Why Washington’s democracy gaslighting hardly works anymore

Elites at the Capitol Hill seem perfectly fine with leaving the country's woes unfixed and wounds unhealed. Meanwhile, they are busy with "democracy gaslighting" across the world.

In its latest stunt to woo countries to take sides and pledge allegiance, the United States has staged the second edition of a “Summit for Democracy.”
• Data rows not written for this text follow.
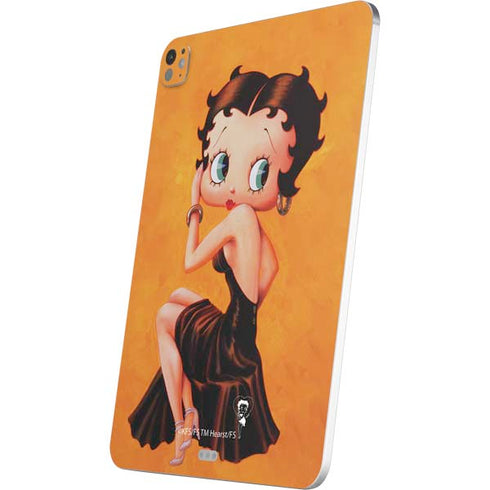Betty Boop Little Black Dress iPad Pro 13in M4 (2024) Skin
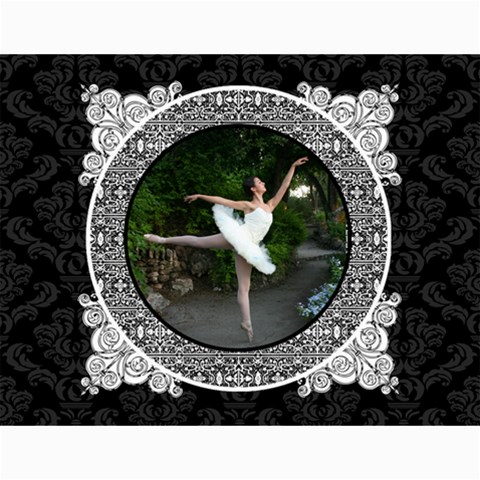 Ballerina Calendar By Tracy Gardner Last Logo Page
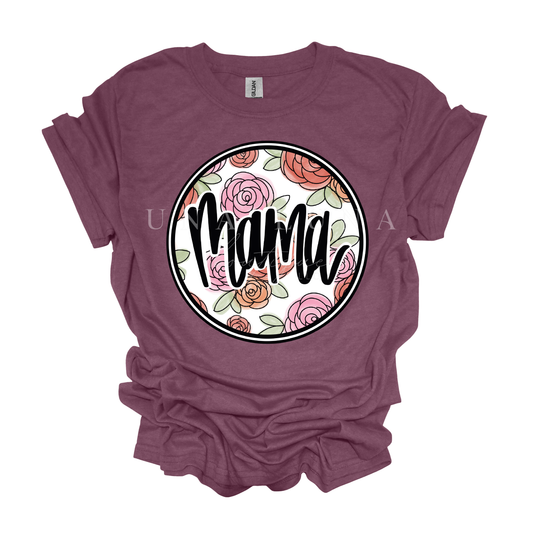 Purple Floral Mama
The gathering, more in form than in substance, ended as another pointless sequel to the first one in 2021, marred by controversies over Washington’s motives and qualifications as the host, particularly when its own house of democracy is on fire.
Just one day before the summit opened, a heavily armed shooter broke into a school in the U.S. state of Tennessee and shot dead six people, including three children. Earlier this year, the marathon election for speaker of the U.S. House of Representatives was also a constant reminder of how U.S. politicians get lost in partisan strife, leaving America’s body politic increasingly dysfunctional.
Elites at the Capitol Hill seem perfectly fine with leaving the country’s woes unfixed and wounds unhealed. Meanwhile, they are busy with “democracy gaslighting” across the world.
Yet to justify its agendas for world domination, the United States spares no effort to portray itself as a guardian of such common values as democracy and freedom, or in its own words, a “city upon a hill.”
In a nutshell, Washington needs a justifiable pretext for its hegemonic ambitions.
That involves decades-long systematic brainwashing of the public by capitalist and political elites, as well as press and academic communities, which culminated in Francis Fukuyama’s “end of history” theory put forward in the wake of the Cold War. Those persistent efforts proved effective, particularly in defining democracy as no more than competitive electoral politics.
Under a so-called “golden standard,” those governments who follow Washington’s way could be hailed as a “democracy,” while those who intend to take their own paths would be tagged as “heresies.” Of course, the standard is flexible, and its adoption selective.
Let’s say that even if some countries do have a one-person-one-vote electoral system, the United States would still be lecturing them on democratic values or even hatch regime change plots if they do not heed the orders from Washington.
However, Washington’s narrative on democracy does not and certainly cannot rid America’s governing institutions and its society of all sorts of deep-seated problems, most of which were brought about by the capitalist system. More importantly, the narrative itself is unraveling.
Slavoj Zizek, a Slovenian philosopher, once claimed that “the marriage between democracy and Capitalism is over” in his speech back in 2011 at an event of the “Occupy Wall Street” movement that protested against economic inequality and money politics in the United States.
The United States has been touting itself as the universal model of democracy, but its system is in fact “plutocratic rather than democratic,” British political commentator Carlos Martinez has said.
In fact, discussions in the United States and around the world on what is a real democracy have already been on the rise. And among all the factors that boost those meaningful debates are America’s own governance failures.